That said, the two younger brothers of Lonzo Ball — LiAngelo, 18, and LaMelo, 16 — have reached a deal to play for a team in the highest level of the Lithuanian league. The story was broken by Adrian Wojnarowski and Jonathan Givony of ESPN (before the signing became official).

LiAngelo and LaMelo Ball are in serious discussions to sign professional basketball contracts with Lithuanian club Prienu Vytautas, sources told ESPN.

The club plans to decide in the next 24-to-48 hours whether to finalize agreements with the two American teenagers, sources told ESPN.

If signed, the franchise has hopes that the Balls – including their father LaVar — could be a marketing boon for the fledgling franchise, sources told ESPN.

Shams Charania of The Vertical at Yahoo Sports reports the deal is done.

Lithuania is a hoops-mad Baltic country of an estimated 2.9 million people who has three players currently in the NBA — Jonas Valanciunas, Donatas Motiejunas, and Mindaugas Kuzminskas — and has put 11 players in the league total, including Zydrunas Ilgauskas, Arvydas Sabonis, and Sarunas Marciulionis. You might remember the Lithuanian National Team wearing Grateful Dead inspired uniforms and taking the bronze medal in the 1992, 1996, and 2000 Olympics.

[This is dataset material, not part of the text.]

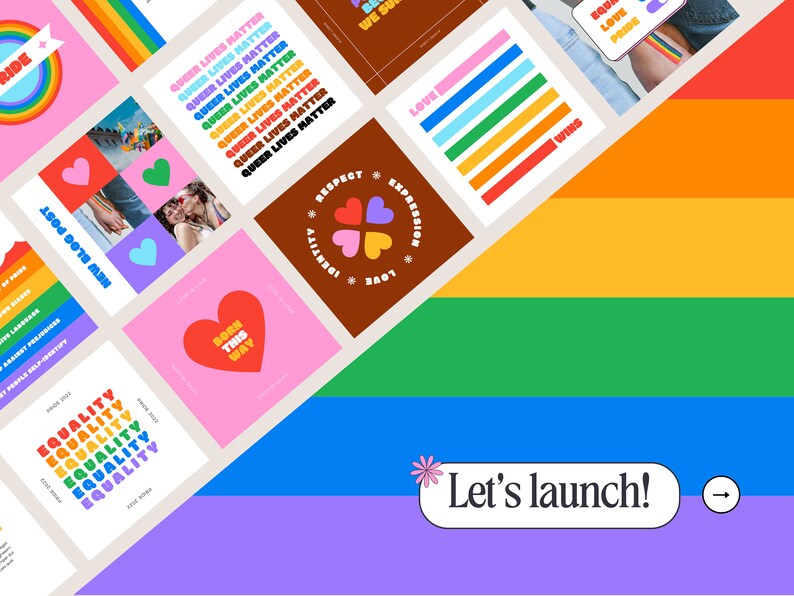 Pride Social Media Template Pack Canva Instagram Templates Etsy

This is a country that takes its basketball seriously, and the Balls are a traveling circus and reality show. The Lithuanian league doesn’t have NBA-level players, but they guys they suit up have a real feel for the game and play a disciplined style. This could be a real culture clash, the kind of thing that ends quickly and spectacularly poorly. Here is some insight into the team from FIBA’s Lithuanian hoops writer.

Don’t expect the Ball children to play much, especially not at first.

The pay at this level is reportedly north of $1,500 a month, but that could be higher if the brothers are seen as a draw. With the report of the tight financial squeeze, this is likely a gambit on the coach’s part to boost revenue (in Europe, coaches are the CEOs of the organization, much more akin to the power top college coaches have than an NBA coach).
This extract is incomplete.